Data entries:
::::::::::
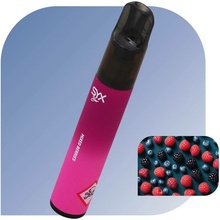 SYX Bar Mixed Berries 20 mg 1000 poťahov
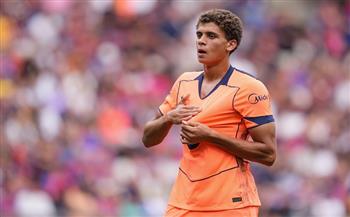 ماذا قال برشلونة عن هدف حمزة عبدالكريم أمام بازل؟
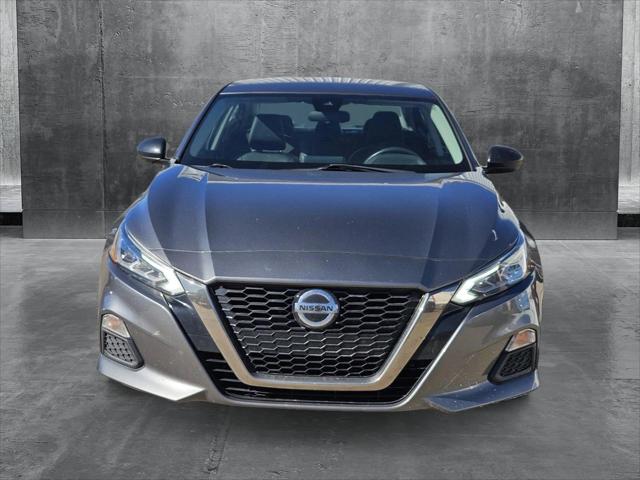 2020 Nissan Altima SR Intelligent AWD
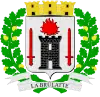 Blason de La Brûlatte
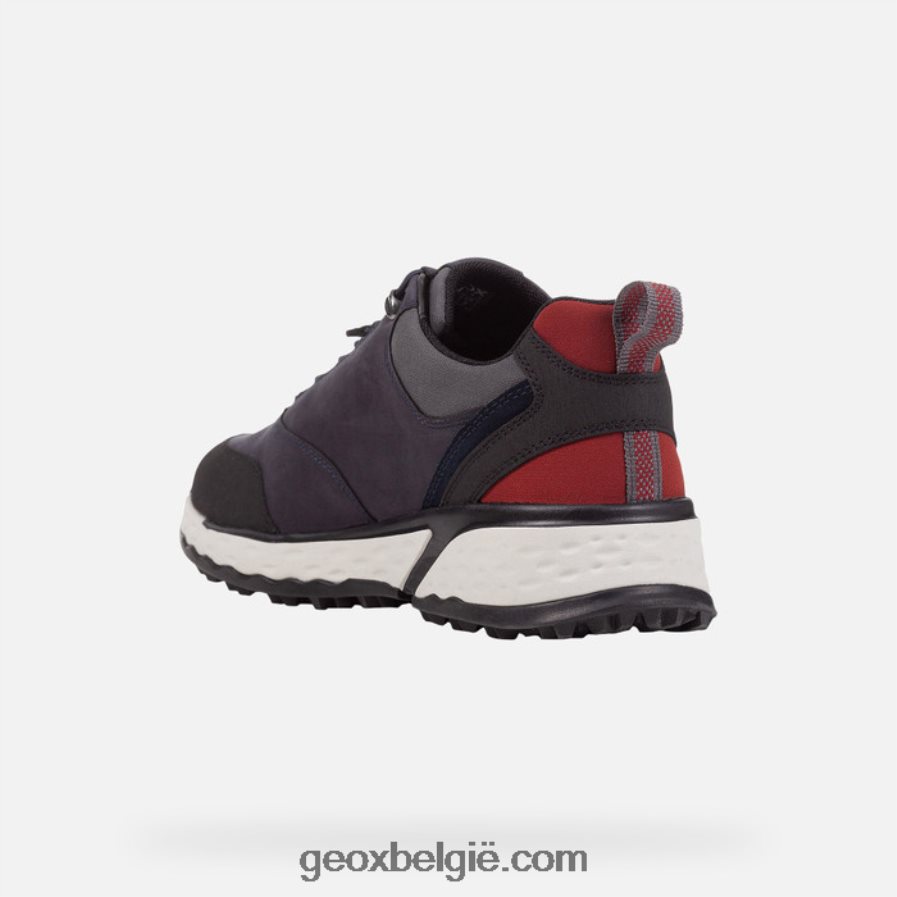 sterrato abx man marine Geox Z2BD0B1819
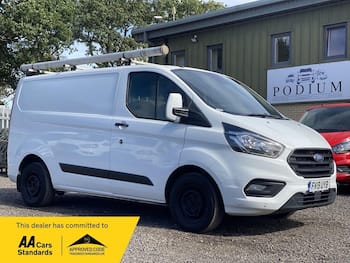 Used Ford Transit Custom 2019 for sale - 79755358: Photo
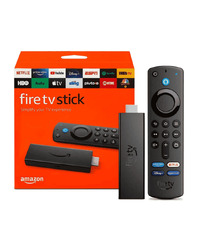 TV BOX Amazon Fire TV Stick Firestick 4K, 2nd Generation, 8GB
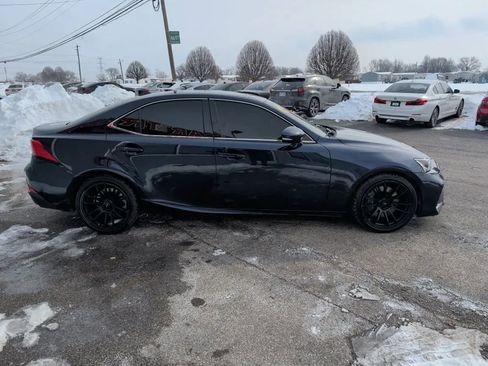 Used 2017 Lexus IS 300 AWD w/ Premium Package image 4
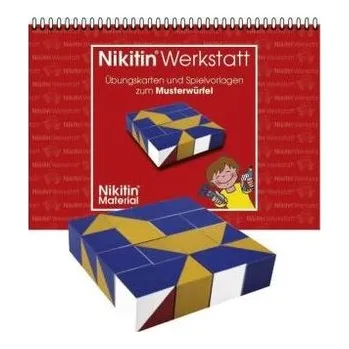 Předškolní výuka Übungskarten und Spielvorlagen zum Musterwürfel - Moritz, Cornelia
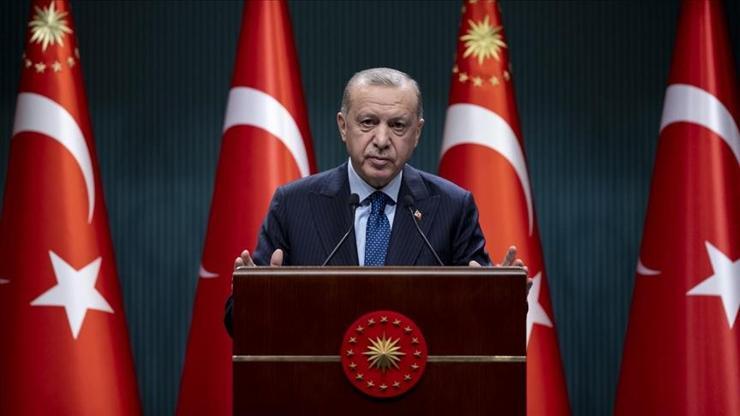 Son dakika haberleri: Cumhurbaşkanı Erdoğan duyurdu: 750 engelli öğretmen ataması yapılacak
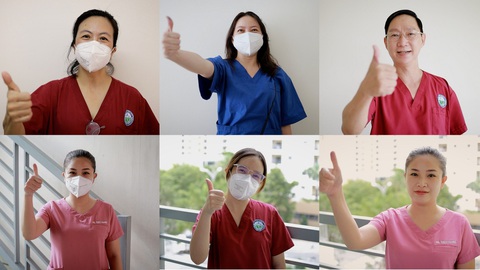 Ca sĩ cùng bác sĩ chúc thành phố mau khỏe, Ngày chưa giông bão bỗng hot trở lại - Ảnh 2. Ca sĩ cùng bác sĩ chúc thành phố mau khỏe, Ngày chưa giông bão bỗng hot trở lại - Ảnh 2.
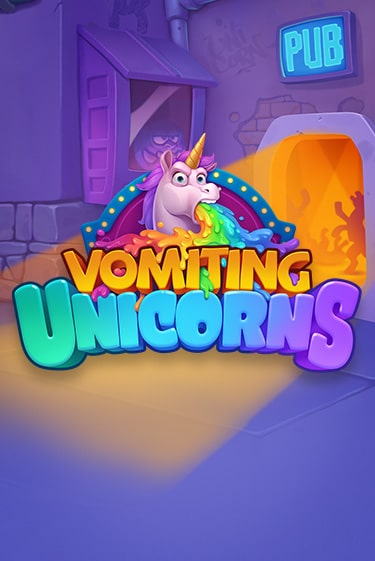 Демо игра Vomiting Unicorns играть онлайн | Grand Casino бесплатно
::::::::::
Task statement: Return all of the entries word for word, but omit the pictures.

Exercise output:
 SYX Bar Mixed Berries 20 mg 1000 poťahov
 ماذا قال برشلونة عن هدف حمزة عبدالكريم أمام بازل؟
 2020 Nissan Altima SR Intelligent AWD
 Blason de La Brûlatte
 sterrato abx man marine Geox Z2BD0B1819
 Used Ford Transit Custom 2019 for sale - 79755358: Photo
 TV BOX Amazon Fire TV Stick Firestick 4K, 2nd Generation, 8GB
 Used 2017 Lexus IS 300 AWD w/ Premium Package image 4
 Předškolní výuka Übungskarten und Spielvorlagen zum Musterwürfel - Moritz, Cornelia
 Son dakika haberleri: Cumhurbaşkanı Erdoğan duyurdu: 750 engelli öğretmen ataması yapılacak
 Ca sĩ cùng bác sĩ chúc thành phố mau khỏe, Ngày chưa giông bão bỗng hot trở lại - Ảnh 2. Ca sĩ cùng bác sĩ chúc thành phố mau khỏe, Ngày chưa giông bão bỗng hot trở lại - Ảnh 2.
 Демо игра Vomiting Unicorns играть онлайн | Grand Casino бесплатно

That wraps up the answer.